**What to work on**
Copy the data that follows, character for character, minus the pictures.

**Available data**
== Segment start ==

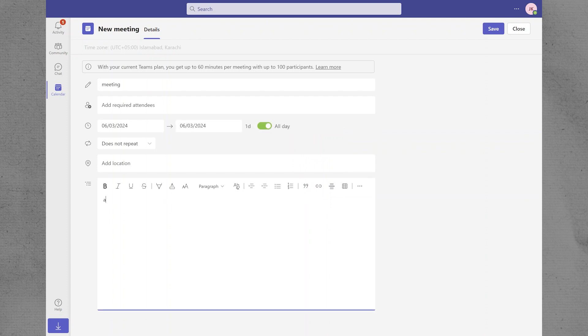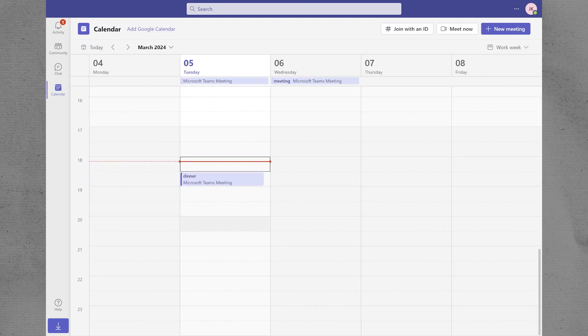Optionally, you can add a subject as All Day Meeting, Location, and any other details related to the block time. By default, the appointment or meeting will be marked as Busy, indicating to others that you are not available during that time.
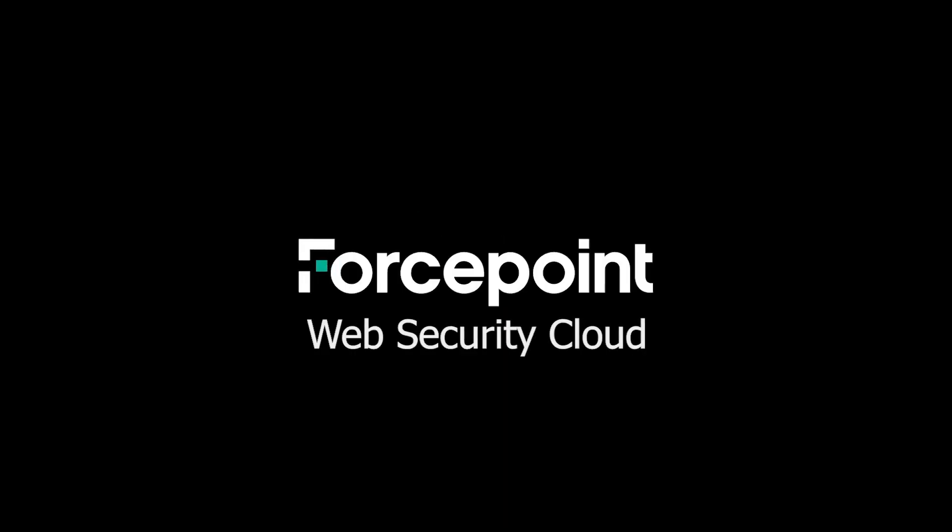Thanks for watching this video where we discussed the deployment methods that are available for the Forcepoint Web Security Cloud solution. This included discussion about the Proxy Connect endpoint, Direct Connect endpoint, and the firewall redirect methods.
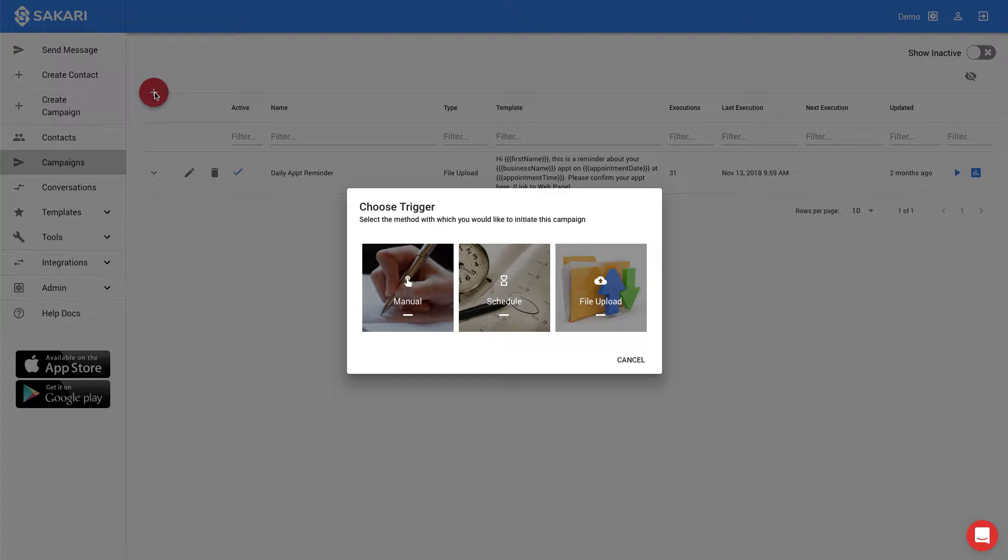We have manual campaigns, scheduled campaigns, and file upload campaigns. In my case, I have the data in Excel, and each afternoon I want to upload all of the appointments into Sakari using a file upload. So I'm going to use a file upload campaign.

== Segment end ==

**Response**
Optionally, you can add a subject as All Day Meeting, Location, and any other details related to the block time. By default, the appointment or meeting will be marked as Busy, indicating to others that you are not available during that time.
Thanks for watching this video where we discussed the deployment methods that are available for the Forcepoint Web Security Cloud solution. This included discussion about the Proxy Connect endpoint, Direct Connect endpoint, and the firewall redirect methods.
We have manual campaigns, scheduled campaigns, and file upload campaigns. In my case, I have the data in Excel, and each afternoon I want to upload all of the appointments into Sakari using a file upload. So I'm going to use a file upload campaign.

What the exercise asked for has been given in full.